Re: Plane 14 tags and SCSU

From: Mark Davis ([email protected])
Date: Sun Jul 02 2000 - 15:27:39 EDT

Next message: John Hudson: "Re: The real problem?"
Previous message: [email protected]: "The real problem?"
Maybe in reply to: Doug Ewell: "Plane 14 tags and SCSU"
Next in thread: Asmus Freytag: "Re: Plane 14 tags and SCSU"
Messages sorted by: [ date ] [ thread ] [ subject ] [ author ] [ attachment ]
Mail actions: [ respond to this message ] [ mail a new topic ]

In Asmus's defense, there are fewer recipients that will understand SCSU right now, so one needs to be a bit more carefull about slinging it around. On the other hand, for anything outside of plain English, it is quite a handy mechanism for interchanging Unicode text, so it can reduce memory consumption and/or transmission time where both sender and recipient understand it.

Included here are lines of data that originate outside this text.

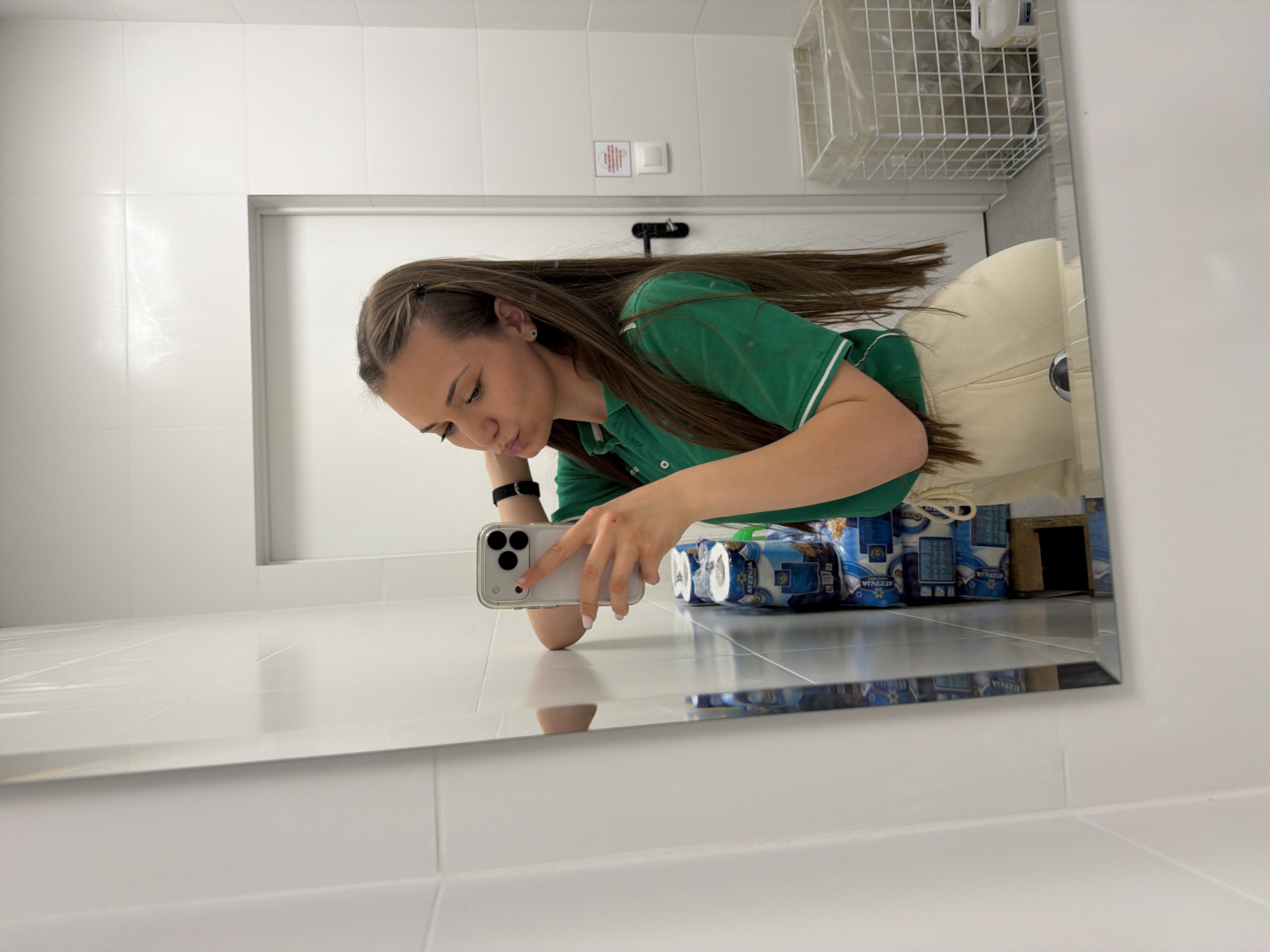 A young woman is taking a selfie in a bathroom mirror. She is wearing a green polo shirt with white trim and light-colored pants. Her hair is long and brown. In the mirror's reflection, behind her, are several rolls of toilet paper. The bathroom has white tile walls and a white wire basket on the wall. The location is potentially in Sofia, Bulgaria.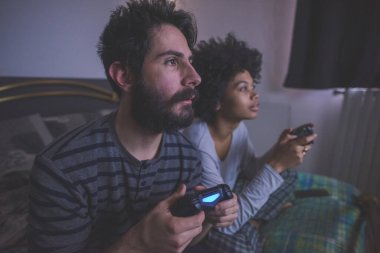 Genç çok ırklı çift yatak odası video oyunu oynuyor  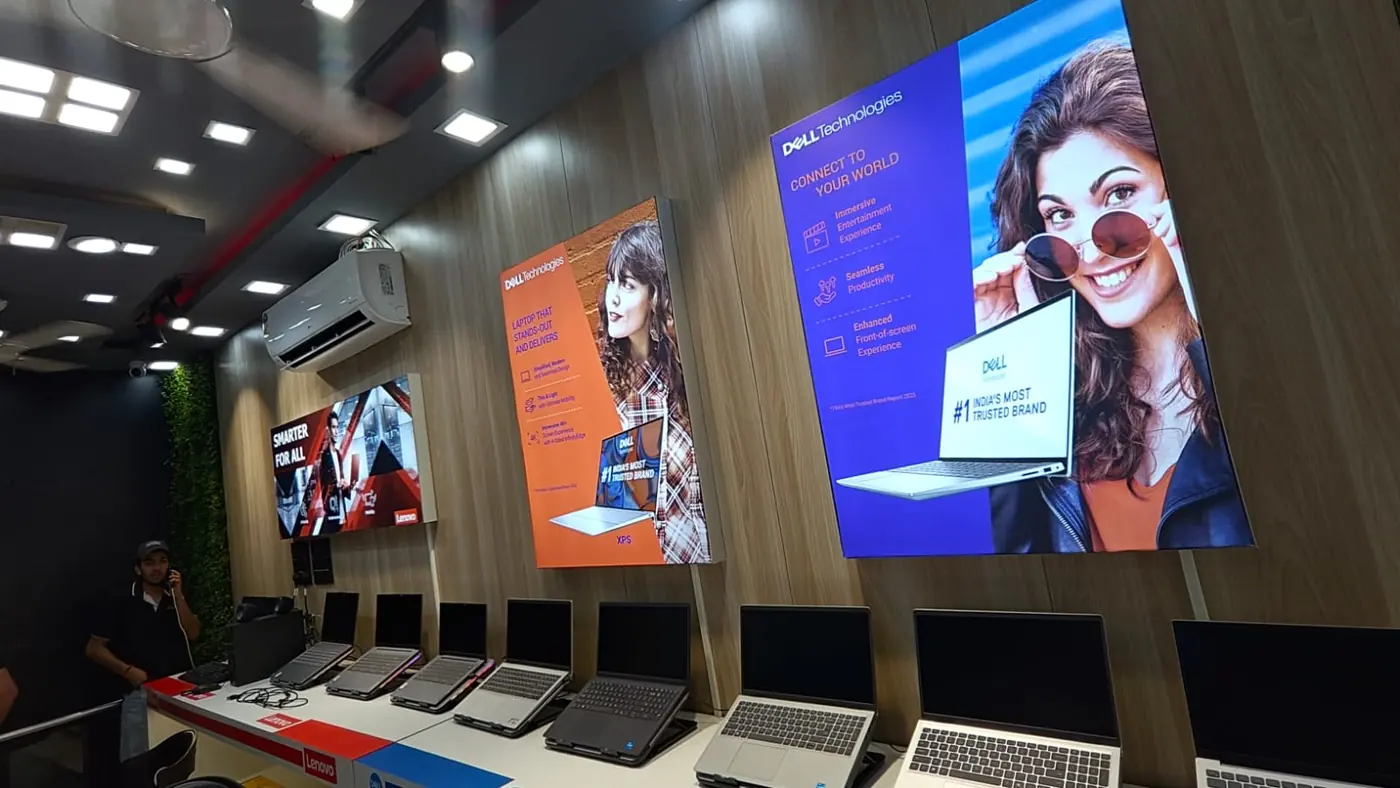 Digital communication screens and laptop display wall at Arrow Abroad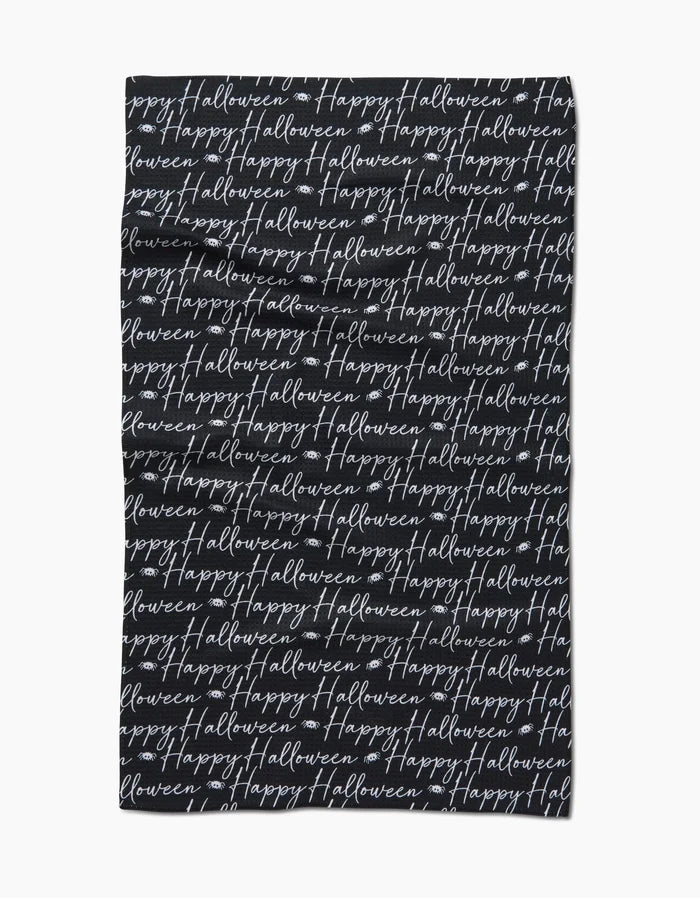 The Geometry Halloween Script Black tea towel showcases Happy Halloween in white cursive, repeatedly printed across its ultra-absorbent black surface for a festive look.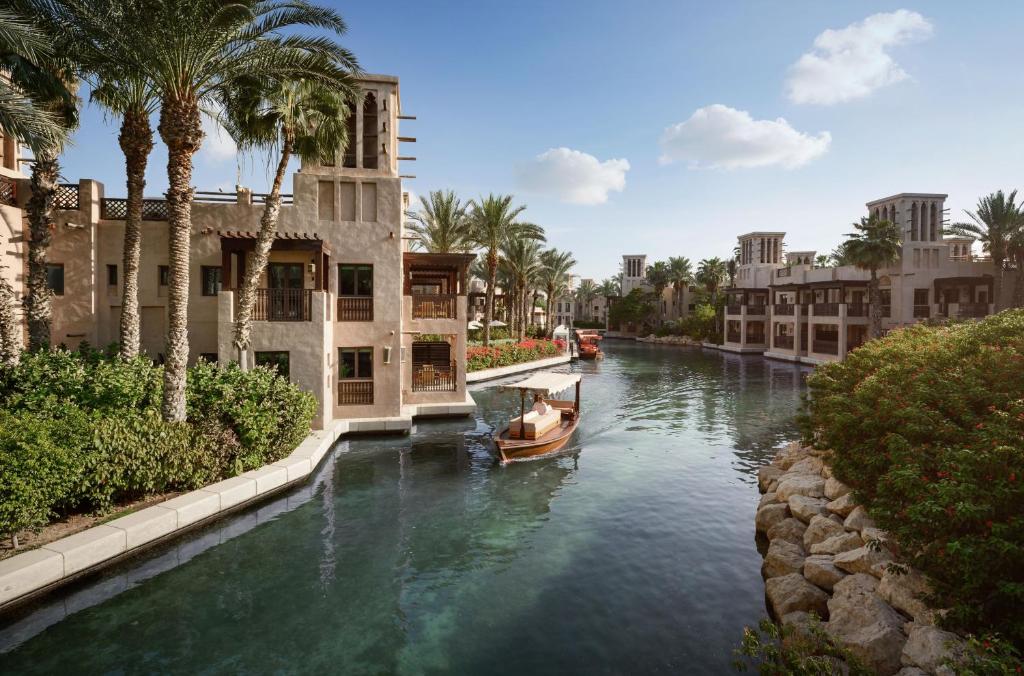 ドバイにあるJumeirah Dar Al Masyaf Dubaiの椰子の木が茂る街の船の運河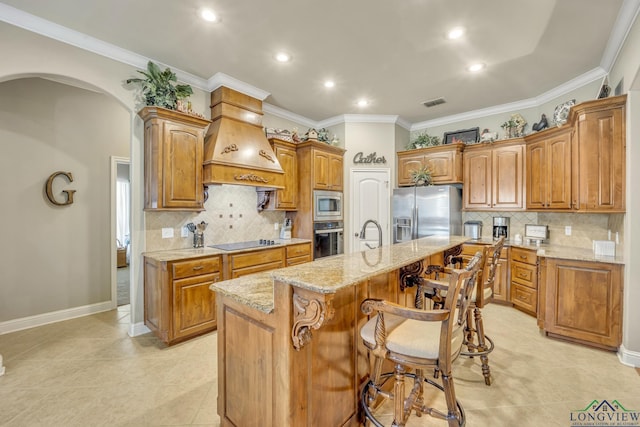 220 Cedar Rdg, Longview, TX 75602 - kitchen featuring light stone counters, arched walkways, an island with sink, stainless steel appliances, and custom range hood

I should also mention that there is open-source code for SCSU available from IBM in ICU (C and Java):

In C:
http://oss.software.ibm.com/icu/apiref/API1.5/API/scsu.h.html
http://oss.software.ibm.com/developerworks/opensource/cvs/icu/source/common/
look at scsu.c
http://oss.software.ibm.com/developerworks/opensource/cvs/icu/source/common/unicode/
look at scsu.h

In Java:
http://oss.software.ibm.com/developerworks/opensource/cvs/icu4j/icu4j/src/com/ibm/text/
look at SCSU.java, UnicodeCompressor.java, and UnicodeDecompressor.java

Mark

Doug Ewell wrote:

> Asmus Freytag <[email protected]> wrote:
>
> > Unlike Plane 14, SCSU is not necessarily intended for unfettered
> > public interchange as if it was YAUTF (yet another utf). Yes, it can
> > be nice and small, but it assumes that the recipient have a conformant
> > decoder and can reliably detect when to invoke it.
>
> Isn't this true for UTF-8, UTF-16, and any other encoding form or TES
> of Unicode? Receivers of data in these formats also must be able to
> detect them and interpret them. How does SCSU differ in this regard?
>
> The SCSU technical report defines clearly what a conformant decoder must
> be able to do, and suggests a header sequence which would make auto-
> detection a relatively simple and accurate job (not many files start
> with the bytes 0E FE FF).
>
> Writing a conformant SCSU decoder turns out to be a rather straight-
> forward job, not that much more work than writing a *good* UTF-8 decoder
> (with checking for illegal and irregular sequences).
>
> -Doug Ewell
> Fullerton, California

Next message: John Hudson: "Re: The real problem?"
Previous message: [email protected]: "The real problem?"
Maybe in reply to: Doug Ewell: "Plane 14 tags and SCSU"
Next in thread: Asmus Freytag: "Re: Plane 14 tags and SCSU"
Messages sorted by: [ date ] [ thread ] [ subject ] [ author ] [ attachment ]
Mail actions: [ respond to this message ] [ mail a new topic ]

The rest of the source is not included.